■ **Data shown**

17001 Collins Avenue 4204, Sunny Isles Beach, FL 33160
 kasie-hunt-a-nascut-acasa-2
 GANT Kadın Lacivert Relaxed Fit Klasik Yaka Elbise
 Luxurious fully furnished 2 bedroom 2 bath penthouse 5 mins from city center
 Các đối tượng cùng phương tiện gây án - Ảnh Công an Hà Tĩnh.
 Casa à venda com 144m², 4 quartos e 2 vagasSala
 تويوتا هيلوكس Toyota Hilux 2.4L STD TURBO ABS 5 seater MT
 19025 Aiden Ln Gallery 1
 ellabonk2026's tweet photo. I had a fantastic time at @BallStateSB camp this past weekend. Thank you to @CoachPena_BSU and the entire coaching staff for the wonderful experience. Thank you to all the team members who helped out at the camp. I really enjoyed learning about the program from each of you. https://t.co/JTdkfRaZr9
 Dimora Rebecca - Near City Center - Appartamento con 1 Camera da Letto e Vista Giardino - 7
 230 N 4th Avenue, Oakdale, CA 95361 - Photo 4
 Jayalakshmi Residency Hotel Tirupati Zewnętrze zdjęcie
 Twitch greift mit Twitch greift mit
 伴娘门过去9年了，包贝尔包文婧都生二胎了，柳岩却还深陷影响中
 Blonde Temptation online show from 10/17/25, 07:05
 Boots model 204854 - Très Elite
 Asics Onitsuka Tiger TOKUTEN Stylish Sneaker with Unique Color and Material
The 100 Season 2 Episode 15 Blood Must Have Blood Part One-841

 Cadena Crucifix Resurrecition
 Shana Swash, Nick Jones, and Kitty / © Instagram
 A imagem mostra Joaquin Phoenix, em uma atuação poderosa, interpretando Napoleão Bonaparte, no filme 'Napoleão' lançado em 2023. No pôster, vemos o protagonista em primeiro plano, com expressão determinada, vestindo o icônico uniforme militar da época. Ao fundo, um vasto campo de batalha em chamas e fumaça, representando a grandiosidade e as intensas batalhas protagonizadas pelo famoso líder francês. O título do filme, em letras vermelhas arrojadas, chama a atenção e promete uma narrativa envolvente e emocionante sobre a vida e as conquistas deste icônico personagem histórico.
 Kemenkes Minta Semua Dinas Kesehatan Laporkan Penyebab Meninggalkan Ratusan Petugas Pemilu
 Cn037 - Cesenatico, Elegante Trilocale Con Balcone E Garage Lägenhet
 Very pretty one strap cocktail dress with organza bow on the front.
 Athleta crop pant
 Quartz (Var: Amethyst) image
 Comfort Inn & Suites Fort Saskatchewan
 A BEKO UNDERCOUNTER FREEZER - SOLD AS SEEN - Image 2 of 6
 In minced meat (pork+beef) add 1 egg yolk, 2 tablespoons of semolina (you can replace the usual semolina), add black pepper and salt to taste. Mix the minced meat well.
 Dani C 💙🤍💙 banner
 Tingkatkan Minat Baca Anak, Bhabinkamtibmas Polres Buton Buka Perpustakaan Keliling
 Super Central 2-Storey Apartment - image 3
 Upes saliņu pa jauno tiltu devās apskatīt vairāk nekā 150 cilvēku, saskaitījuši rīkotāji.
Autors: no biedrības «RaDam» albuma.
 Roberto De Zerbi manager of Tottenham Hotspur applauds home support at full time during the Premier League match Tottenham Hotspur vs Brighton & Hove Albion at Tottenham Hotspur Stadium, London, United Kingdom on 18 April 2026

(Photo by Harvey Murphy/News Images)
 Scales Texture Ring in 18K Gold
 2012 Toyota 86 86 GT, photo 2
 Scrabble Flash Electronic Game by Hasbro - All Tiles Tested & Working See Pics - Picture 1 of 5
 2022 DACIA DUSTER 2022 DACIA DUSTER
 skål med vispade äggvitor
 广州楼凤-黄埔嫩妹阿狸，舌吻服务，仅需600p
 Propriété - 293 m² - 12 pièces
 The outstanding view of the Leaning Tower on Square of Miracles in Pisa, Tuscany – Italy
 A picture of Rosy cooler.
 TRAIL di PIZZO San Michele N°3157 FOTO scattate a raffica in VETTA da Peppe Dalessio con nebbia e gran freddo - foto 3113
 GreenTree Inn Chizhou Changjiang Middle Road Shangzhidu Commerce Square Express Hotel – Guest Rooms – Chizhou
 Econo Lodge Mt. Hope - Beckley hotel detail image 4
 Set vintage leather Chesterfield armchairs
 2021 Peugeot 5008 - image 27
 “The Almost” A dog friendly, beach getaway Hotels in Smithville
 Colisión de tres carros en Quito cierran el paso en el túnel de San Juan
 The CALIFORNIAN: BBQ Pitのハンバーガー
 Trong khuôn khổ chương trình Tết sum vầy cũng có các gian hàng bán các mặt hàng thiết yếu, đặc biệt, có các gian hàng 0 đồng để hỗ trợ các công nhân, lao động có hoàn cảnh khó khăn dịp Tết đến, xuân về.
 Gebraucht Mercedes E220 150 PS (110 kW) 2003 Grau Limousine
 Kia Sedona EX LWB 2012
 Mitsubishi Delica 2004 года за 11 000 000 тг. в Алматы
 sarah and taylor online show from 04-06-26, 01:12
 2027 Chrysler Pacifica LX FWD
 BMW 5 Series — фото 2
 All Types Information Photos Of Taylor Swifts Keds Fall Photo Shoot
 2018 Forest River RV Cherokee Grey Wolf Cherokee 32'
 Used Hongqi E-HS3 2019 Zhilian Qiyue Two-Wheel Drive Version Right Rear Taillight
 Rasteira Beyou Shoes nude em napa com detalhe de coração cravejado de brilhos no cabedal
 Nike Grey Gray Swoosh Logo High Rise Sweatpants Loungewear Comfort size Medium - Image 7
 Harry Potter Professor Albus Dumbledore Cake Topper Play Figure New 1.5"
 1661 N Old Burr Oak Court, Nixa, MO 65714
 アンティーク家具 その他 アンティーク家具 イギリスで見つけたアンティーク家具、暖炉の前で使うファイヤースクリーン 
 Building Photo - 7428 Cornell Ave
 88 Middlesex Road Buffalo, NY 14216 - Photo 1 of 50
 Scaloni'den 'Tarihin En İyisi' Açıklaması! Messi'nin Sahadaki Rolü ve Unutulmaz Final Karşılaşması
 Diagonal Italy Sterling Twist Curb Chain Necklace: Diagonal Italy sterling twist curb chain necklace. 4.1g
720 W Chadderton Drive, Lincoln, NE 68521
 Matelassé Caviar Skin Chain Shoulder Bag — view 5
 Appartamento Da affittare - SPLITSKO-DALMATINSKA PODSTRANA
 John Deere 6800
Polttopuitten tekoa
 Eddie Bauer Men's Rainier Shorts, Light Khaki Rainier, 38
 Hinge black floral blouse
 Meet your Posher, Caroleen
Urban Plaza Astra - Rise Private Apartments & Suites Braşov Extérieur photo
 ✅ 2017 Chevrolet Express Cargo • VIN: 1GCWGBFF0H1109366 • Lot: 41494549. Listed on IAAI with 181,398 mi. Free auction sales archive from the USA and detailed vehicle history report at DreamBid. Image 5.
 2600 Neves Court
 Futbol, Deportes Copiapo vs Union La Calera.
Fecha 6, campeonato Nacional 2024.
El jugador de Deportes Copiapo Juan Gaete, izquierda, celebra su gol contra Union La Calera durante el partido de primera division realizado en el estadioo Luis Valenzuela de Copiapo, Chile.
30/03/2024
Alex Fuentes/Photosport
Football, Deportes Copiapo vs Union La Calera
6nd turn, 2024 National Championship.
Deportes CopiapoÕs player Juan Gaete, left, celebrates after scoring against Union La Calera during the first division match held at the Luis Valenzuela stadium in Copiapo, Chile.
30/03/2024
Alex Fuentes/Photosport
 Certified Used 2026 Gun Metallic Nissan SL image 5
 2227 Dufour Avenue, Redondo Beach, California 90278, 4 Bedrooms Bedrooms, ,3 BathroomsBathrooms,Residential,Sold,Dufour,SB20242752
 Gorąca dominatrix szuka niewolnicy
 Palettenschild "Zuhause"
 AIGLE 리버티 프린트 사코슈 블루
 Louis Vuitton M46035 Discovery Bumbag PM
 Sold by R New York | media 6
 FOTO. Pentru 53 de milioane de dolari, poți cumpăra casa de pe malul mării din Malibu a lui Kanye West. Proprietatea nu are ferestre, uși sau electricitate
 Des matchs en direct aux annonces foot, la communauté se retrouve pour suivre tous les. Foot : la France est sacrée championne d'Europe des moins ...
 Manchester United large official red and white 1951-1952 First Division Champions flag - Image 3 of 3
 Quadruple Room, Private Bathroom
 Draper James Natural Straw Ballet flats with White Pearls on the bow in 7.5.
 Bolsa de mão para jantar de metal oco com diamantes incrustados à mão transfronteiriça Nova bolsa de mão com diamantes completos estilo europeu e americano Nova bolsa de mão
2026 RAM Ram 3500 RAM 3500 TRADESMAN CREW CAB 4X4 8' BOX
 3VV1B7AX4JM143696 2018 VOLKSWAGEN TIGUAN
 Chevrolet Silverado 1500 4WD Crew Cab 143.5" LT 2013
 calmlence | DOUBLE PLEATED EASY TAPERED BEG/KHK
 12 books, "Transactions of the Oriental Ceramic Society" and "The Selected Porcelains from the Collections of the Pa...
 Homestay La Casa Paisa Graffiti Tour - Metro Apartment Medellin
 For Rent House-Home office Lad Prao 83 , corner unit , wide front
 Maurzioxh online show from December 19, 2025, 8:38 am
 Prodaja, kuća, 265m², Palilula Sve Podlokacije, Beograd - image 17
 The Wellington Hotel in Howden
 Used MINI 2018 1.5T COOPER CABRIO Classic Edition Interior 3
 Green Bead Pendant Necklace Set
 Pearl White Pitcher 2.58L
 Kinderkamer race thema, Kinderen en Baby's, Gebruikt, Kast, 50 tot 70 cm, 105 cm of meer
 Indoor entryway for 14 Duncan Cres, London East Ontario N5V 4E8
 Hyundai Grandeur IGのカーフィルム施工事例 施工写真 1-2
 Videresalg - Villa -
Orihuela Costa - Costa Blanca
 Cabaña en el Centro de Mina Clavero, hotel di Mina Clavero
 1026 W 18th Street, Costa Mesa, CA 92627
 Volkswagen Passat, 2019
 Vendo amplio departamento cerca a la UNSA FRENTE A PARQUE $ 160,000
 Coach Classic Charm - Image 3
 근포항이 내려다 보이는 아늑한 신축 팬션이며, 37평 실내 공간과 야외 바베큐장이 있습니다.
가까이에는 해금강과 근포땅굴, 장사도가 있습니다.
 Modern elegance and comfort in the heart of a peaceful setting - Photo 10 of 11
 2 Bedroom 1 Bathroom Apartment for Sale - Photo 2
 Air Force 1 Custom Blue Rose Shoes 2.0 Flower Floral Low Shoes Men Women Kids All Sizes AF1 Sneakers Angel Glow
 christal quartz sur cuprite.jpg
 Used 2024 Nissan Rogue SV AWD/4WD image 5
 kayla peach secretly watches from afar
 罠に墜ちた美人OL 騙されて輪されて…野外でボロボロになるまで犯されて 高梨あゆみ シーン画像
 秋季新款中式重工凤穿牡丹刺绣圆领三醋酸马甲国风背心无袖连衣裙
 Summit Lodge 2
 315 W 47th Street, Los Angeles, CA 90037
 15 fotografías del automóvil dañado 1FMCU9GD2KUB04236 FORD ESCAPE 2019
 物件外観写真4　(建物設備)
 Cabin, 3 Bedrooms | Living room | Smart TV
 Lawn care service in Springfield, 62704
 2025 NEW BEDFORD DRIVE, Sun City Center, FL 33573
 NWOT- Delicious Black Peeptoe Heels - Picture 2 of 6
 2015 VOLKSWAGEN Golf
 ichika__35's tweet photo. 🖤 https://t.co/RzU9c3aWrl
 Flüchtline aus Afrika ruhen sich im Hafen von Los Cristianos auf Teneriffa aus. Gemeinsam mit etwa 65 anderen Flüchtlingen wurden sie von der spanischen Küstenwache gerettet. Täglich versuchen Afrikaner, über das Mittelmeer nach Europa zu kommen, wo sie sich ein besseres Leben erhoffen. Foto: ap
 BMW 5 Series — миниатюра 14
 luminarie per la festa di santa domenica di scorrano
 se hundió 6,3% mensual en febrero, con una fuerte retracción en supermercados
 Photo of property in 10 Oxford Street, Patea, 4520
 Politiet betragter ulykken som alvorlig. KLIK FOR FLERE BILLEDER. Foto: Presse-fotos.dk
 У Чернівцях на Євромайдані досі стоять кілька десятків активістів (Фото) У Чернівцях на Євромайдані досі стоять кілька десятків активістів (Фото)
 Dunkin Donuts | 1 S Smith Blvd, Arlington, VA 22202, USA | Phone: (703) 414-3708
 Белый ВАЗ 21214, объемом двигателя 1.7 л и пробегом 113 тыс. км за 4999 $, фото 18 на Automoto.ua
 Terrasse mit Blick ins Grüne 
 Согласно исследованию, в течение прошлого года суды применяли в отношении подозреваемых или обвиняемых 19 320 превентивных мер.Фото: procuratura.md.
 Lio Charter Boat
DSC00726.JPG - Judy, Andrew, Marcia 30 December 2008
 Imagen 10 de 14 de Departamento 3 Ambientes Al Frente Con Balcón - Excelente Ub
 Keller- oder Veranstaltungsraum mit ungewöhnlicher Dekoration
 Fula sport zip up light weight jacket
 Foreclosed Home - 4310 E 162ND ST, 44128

■ **Work to complete**
Using the listing above, return word for word each line from the one that has "Dani C 💙🤍💙 banner" through the one that has "The outstanding view", and no line outside that range.

■ **Solution for this exercise**
 Dani C 💙🤍💙 banner
 Tingkatkan Minat Baca Anak, Bhabinkamtibmas Polres Buton Buka Perpustakaan Keliling
 Super Central 2-Storey Apartment - image 3
 Upes saliņu pa jauno tiltu devās apskatīt vairāk nekā 150 cilvēku, saskaitījuši rīkotāji.
Autors: no biedrības «RaDam» albuma.
 Roberto De Zerbi manager of Tottenham Hotspur applauds home support at full time during the Premier League match Tottenham Hotspur vs Brighton & Hove Albion at Tottenham Hotspur Stadium, London, United Kingdom on 18 April 2026

(Photo by Harvey Murphy/News Images)
 Scales Texture Ring in 18K Gold
 2012 Toyota 86 86 GT, photo 2
 Scrabble Flash Electronic Game by Hasbro - All Tiles Tested & Working See Pics - Picture 1 of 5
 2022 DACIA DUSTER 2022 DACIA DUSTER
 skål med vispade äggvitor
 广州楼凤-黄埔嫩妹阿狸，舌吻服务，仅需600p
 Propriété - 293 m² - 12 pièces
 The outstanding view of the Leaning Tower on Square of Miracles in Pisa, Tuscany – Italy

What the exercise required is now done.